Tracks (opens in Cleveland October 3rd exclusively at the Cedar Lee Theatre)

[TRACKS opens in Cleveland on Friday October 3rd exclusively at the Cedar Lee Theatre.]


Review by Pamela Zoslov


It took decades for Robyn Davidson's Tracks to reach the screen. The book, a memoir of Australian writer Davidson's 1,700-mile trek across the deserts of west Australia in 1977, is extremely popular, especially among women, who apparently like Davidson's determination to make her journey on her own, accompanied only by her faithful dog and four camels to carry her gear.

Attempts to make a movie of Tracks, with Julia Roberts or Nicole Kidman, began even before the leading actress in the present film, Mia Wasikowski, was born, as pointed out on the imdb movie website. The film was directed by John Curran, who made a pleasing version of Somerset Maugham's The Painted Veil, and features extraordinary cinematography by Mandy Walker that embraces the rugged beauty of the Australian outback.

Marion Nelson's screenplay makes liberal use of the book's narration. Robyn Davidson (Wasikowski) describes herself as a nomad who is “at home nowhere.” Bored of city life and the self-indulgent ways of her class peers, Robyn explains, “I've always been drawn to the purity of the desert.” It is solitude, or what she calls privacy, that she seeks.

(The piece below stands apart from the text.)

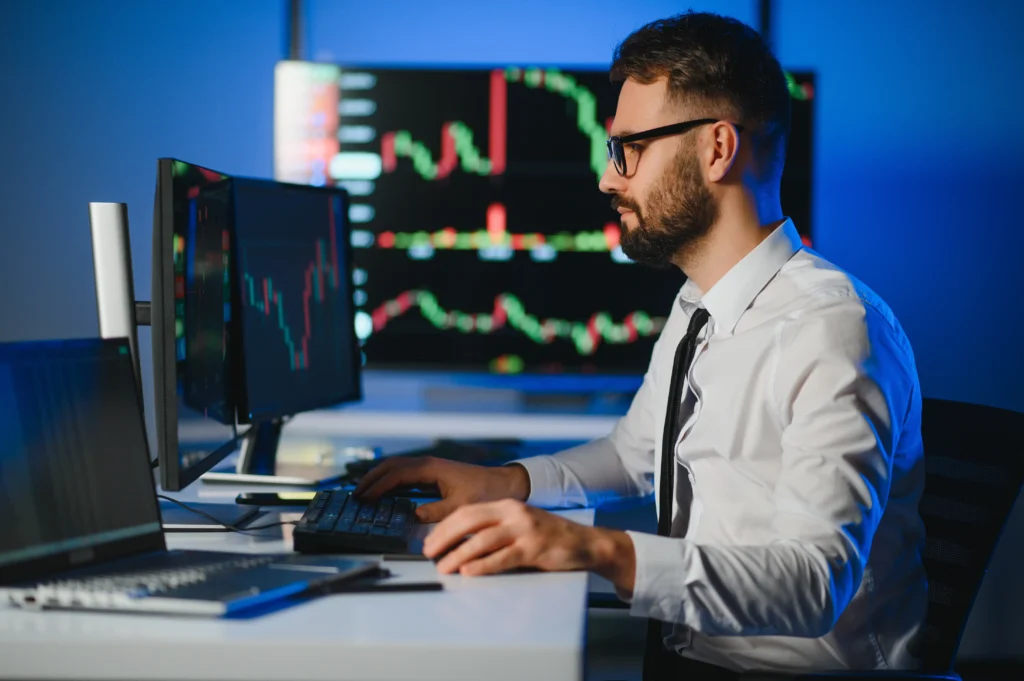 A forex trader analyzing live charts on multiple monitors while managing a Forex Trading Account in 2026.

The film portrays Robyn as a complex, somewhat prickly character, more at home with animals than with people. In flashbacks, we see the childhood trauma that shaped her: her mother committed suicide and her father, unable to care for her, packed her off to live with his sister. Then as now, her affections were reserved primarily for animals; the pain of the memory is centered on her lost, beloved childhood dog.

Robyn's father was an explorer as well; his wanderlust stoked her determination to make the impossible-seeming walk from Alice Springs to the Indian Ocean – a journey that would take nine months. Before setting out, Robyn apprentices herself to a series of camel trainers, in order to learn about and acquire a few of the feral camels that roam western Australia (they were brought there during 19th-century colonization and released after being replaced by motorized transport). Though the camel trainers betray her, Robyn learns to relate to the magnificent, growly, beautifully ugly dromedaries. She acquires four: Dookie, Bub, Zeleika and a calf, Goliath.

Robyn sets out with her camels and her faithful dog, Diggety, but is beset by the humans she can barely tolerate. A group of friends arrives to camp out with her, and one of them brings along Rick Smolan, a travel photographer who helps her get National Geographic magazine to finance her trip, on the condition that she write an article and Smolan take the photographs.


Robyn is profoundly irritated by Smolan and his clickety-clicking Nikon, but knows his chatty presence is the price of her trip. Adam Driver, wearing shaggy late-'70s hair and wire-rimmed glasses, plays Smolan, who becomes Robyn's foil, friend and occasional lover. Great care has been taken to depict the scenes as they were photographed by the real Rick Smolan in National Geographic in 1978.

Robyn encounters a number of interesting aboriginals along the way. Mr. Eddy (Roly Mintuma), a respected aboriginal elder, serves as her guide on a difficult portion of her trek. She relates much more intimately to the aboriginals, whose language she doesn't share, than to people from her own world. Davidson is, in fact, a self-taught social anthropologist who has made a career of traveling with and studying nomadic peoples.

A disclaimer at the beginning of the film warns that aboriginal people might be upset by photographic images showing deceased relatives; a similar warning could be issued to animal lovers, who might recoil at the fates of some animals in the film. But, the incidents are based on true events, and they are sensitively handled.

The film revels in the landscape and in the relationships between Robyn and her dog and camels. Some might find the lengthy depiction of the “Camel Lady” walking across the desert a bit tedious. That contemplativeness, enhanced by a beautiful score by Garth Stevenson, is entirely the aim of this lovely film. 3 1/2 out of 4 stars.